Building Support Systems Male Caregivers Actually Need

Part 2 of “The 3.6 Million Male Caregivers Canada Forgot

In Part 1, we looked at the invisible crisis facing 3.6 million male caregivers in Canada – men who are isolated, overwhelmed, and navigating support systems that weren’t designed for them. Now, let’s talk about solutions. 


Canada’s 7.8 million caregivers represent one in four Canadians, and roughly 3.6 million of them are men.1 Yet when we design caregiver support programs, develop workplace policies, or create mental health resources, we rarely ask: what do male caregivers actually need?

The answer isn’t “nothing.” It’s not that men don’t need support – it’s that the support available doesn’t meet them where they are.

The System That Wasn’t Built for Them

Canadian healthcare and social service systems have slowly and inadequately begun addressing women’s caregiving burden. The Canadian Centre for Caregiving Excellence’s 2024 landmark study “Caring in Canada” surveyed over 3,000 caregivers and found that financial supports and mental health counselling were among the most pressing needs – yet four of five caregivers (80%) noted that free counselling and mental health supports would be important, with women and younger caregivers significantly more likely to find this helpful.2

While the majority of family caregivers are indeed women, the percentage of caregivers who are male are not insignificant.  However, many programs are designed for mainly female caregivers in mind.  Now, let’s be real – the world is full of instances where women are at a real disadvantage or face institutional bias. We are more used to talking about how we can better support women. However, in this article, we want to explore whether family caregiving is one area where it may be beneficial to have male-specific programming, or whether there is some work that can be done to create gender-neutral support for family caregiving.

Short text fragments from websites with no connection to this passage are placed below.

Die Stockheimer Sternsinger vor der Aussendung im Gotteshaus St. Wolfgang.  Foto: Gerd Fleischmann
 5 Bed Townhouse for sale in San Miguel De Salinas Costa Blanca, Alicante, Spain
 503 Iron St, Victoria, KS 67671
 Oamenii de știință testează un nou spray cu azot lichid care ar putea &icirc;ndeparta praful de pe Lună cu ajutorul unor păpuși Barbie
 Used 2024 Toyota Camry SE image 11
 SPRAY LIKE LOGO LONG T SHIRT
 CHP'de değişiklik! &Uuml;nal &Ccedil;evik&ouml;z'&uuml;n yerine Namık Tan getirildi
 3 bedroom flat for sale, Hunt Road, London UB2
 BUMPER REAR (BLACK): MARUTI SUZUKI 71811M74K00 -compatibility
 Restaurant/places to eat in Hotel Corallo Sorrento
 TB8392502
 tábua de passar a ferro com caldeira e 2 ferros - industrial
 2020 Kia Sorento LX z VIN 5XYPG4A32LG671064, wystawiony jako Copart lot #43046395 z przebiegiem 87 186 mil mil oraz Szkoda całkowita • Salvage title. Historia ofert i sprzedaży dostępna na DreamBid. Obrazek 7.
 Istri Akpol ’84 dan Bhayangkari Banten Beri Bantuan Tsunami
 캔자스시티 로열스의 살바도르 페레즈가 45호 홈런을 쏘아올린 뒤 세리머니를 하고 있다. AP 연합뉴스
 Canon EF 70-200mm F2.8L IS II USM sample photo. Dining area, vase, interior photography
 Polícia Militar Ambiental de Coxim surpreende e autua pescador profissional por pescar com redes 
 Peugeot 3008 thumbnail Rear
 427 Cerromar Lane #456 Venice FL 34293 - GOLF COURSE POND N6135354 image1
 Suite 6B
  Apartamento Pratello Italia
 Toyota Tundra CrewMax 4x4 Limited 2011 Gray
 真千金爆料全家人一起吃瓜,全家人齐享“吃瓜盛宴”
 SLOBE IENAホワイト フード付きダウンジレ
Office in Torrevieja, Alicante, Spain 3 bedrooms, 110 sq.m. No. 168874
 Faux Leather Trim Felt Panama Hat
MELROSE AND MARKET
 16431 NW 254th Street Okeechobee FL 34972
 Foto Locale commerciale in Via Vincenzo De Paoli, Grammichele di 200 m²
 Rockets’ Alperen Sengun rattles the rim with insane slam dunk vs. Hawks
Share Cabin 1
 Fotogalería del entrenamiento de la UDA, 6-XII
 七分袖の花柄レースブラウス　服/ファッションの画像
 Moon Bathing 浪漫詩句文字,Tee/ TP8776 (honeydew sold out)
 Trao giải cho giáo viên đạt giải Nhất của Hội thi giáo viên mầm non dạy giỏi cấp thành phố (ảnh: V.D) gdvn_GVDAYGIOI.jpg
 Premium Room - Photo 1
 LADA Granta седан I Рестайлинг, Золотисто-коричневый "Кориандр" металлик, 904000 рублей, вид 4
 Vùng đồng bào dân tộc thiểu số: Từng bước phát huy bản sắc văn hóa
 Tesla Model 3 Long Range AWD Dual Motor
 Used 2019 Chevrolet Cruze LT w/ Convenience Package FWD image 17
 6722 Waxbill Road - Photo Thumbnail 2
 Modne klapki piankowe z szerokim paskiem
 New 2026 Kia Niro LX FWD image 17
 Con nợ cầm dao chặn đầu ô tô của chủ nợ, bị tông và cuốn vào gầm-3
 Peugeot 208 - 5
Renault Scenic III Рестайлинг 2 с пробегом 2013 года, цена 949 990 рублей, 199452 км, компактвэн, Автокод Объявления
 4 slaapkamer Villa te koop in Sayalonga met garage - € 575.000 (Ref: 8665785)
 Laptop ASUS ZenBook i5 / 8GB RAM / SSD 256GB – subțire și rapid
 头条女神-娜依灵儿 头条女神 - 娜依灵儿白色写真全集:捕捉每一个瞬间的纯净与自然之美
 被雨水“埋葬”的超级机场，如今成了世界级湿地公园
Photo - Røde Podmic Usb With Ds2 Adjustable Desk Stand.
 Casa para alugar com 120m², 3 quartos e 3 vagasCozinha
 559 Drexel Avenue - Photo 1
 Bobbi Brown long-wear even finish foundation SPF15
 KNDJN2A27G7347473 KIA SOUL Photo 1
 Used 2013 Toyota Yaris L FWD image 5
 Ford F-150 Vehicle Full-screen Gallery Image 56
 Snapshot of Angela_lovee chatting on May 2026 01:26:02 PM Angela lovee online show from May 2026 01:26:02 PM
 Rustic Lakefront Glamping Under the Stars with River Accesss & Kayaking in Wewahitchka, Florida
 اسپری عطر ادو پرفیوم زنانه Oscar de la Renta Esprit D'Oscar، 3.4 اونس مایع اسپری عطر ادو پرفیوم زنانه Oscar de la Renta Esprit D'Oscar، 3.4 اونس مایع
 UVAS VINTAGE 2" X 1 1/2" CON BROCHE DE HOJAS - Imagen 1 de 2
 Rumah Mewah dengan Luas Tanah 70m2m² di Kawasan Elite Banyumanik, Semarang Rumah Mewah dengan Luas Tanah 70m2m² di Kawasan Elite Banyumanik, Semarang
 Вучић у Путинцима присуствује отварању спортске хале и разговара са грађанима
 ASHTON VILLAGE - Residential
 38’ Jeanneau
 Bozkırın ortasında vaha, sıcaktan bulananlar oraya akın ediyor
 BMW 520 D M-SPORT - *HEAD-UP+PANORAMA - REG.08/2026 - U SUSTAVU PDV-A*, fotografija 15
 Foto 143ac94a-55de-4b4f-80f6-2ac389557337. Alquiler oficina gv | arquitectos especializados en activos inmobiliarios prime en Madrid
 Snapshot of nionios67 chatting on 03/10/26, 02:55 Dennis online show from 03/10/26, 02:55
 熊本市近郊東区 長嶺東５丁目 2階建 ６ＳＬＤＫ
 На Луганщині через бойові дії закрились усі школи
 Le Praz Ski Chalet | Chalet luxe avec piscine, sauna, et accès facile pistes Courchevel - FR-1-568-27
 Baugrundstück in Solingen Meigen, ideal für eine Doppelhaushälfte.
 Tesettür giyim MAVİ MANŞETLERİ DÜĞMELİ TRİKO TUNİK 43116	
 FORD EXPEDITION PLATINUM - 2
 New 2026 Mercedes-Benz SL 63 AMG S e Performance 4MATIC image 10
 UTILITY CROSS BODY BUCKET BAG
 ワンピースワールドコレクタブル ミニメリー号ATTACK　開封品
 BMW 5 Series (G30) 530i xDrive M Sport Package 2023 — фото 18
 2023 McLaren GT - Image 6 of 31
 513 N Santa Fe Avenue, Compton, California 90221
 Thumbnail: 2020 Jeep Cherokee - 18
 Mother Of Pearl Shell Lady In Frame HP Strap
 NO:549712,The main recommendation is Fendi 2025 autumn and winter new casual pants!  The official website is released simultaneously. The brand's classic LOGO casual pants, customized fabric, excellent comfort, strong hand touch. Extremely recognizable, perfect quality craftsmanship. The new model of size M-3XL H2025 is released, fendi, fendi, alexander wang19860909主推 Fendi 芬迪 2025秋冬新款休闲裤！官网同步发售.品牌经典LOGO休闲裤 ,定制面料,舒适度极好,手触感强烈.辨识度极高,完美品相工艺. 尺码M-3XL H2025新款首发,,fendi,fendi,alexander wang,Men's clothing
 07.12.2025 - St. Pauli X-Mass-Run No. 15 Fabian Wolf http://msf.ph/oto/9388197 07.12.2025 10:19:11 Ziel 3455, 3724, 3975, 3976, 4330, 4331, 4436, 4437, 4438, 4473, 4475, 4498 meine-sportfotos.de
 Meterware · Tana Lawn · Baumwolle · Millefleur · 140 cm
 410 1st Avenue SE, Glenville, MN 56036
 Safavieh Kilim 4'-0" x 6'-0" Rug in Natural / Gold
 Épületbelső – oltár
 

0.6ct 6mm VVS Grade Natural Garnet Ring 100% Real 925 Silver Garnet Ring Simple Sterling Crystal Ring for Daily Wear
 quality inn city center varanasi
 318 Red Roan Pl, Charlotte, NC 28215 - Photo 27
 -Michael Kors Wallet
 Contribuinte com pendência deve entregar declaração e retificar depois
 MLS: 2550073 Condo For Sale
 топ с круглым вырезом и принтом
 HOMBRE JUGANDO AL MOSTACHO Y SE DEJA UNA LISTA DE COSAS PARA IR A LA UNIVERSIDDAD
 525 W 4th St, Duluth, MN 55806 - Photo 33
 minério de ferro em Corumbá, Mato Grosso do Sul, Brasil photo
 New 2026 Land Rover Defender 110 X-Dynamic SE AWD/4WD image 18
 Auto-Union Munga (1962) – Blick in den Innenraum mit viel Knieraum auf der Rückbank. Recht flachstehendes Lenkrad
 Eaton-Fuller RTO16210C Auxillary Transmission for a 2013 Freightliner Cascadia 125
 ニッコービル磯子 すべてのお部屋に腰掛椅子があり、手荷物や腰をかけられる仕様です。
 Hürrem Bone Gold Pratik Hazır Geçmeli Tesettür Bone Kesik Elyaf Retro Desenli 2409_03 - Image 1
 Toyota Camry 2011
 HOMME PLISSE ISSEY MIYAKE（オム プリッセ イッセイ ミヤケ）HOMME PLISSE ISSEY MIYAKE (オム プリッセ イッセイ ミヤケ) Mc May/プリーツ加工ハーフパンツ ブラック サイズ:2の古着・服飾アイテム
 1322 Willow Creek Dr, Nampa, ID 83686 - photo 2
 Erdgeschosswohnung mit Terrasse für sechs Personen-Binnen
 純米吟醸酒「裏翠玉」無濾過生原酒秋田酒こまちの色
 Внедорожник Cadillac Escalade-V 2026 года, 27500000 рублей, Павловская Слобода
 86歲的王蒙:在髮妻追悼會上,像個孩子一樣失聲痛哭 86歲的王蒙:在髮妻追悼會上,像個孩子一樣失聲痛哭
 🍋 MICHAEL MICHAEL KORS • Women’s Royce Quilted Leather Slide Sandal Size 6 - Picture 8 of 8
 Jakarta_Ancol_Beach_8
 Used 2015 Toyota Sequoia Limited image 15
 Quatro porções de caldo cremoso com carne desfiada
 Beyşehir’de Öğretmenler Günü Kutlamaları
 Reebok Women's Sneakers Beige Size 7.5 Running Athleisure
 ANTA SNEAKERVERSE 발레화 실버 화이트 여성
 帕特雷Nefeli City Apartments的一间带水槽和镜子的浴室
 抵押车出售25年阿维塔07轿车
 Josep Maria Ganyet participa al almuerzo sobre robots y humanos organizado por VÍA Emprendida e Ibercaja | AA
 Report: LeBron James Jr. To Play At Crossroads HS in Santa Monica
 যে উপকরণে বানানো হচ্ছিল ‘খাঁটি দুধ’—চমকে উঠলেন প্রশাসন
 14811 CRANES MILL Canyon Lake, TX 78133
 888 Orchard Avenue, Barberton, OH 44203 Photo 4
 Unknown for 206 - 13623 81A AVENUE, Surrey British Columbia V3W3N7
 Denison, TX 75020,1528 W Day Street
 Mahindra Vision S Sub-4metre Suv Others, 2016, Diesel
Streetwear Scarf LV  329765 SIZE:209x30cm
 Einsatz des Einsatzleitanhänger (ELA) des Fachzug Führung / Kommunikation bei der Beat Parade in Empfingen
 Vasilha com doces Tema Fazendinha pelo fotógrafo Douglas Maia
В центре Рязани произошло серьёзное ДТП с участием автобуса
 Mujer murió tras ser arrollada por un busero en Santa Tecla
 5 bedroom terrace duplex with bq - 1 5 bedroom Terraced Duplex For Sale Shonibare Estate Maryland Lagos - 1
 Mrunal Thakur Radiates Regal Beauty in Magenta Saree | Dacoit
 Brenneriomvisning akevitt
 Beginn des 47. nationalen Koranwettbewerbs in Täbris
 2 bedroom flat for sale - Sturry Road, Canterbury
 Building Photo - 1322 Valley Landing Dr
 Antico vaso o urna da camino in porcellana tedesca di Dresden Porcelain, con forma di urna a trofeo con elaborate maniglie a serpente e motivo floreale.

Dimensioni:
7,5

What Male Caregivers Actually Need

Addressing the male caregiver crisis requires more than just acknowledging men care for family members. It requires understanding how men’s socialization, skills, expectations, and support-seeking behaviors create specific challenges.

Male-Specific Support Spaces Matter

Organizations like Homewatch CareGivers Canada have pioneered “The Male Caregiver Community,” an online support forum specifically for men.3 Attendance at male-focused programming is consistently higher than male participation in general caregiver support groups, not because men can’t benefit from mixed-gender groups, but because men are more likely to actually attend male-focused programming. 

These don’t need to be elaborate programs. Men’s caregiver coffee groups. Online forums moderated by and for men. Peer support matching male caregivers with similar situations. Simple, accessible, and explicitly welcoming to men.

Practical, Skill-Based Training Helps

Men often respond better to concrete skill-building than emotional processing groups. According to caregiving experts, men will go to the internet more as a caregiving resource but are less likely to get formal caregiver training.3

Some ideas for skills-building topics include:

  • Cooking classes specifically for male caregivers
  • Household management workshops that don’t assume prior knowledge
  • Step-by-step video guides for personal care tasks
  • Equipment and technology training (medication management apps, emergency response systems)
  • Financial planning for caregiving costs

Normalize Male Caregiving in Workplace Policies

Canadian data shows that 46% of caregivers in the workforce report needing time off to meet their caregiving responsibilities,4 but workplace culture often doesn’t expect men to be caregivers.

Women requesting reduced hours or flexible scheduling to care for family members may encounter bias – but it’s expected bias. The workplace has (somewhat) adjusted to the idea that women have caregiving responsibilities. Men making the same requests often face confusion, skepticism, or surprise.

A 2022 Canadian study found that women required workplaces to have at least five types of support to mitigate negative mental health outcomes from caregiving, while men only needed two or three types – yet men were less likely to access any support.5 The support existing isn’t enough. The culture must actively communicate that men should use it.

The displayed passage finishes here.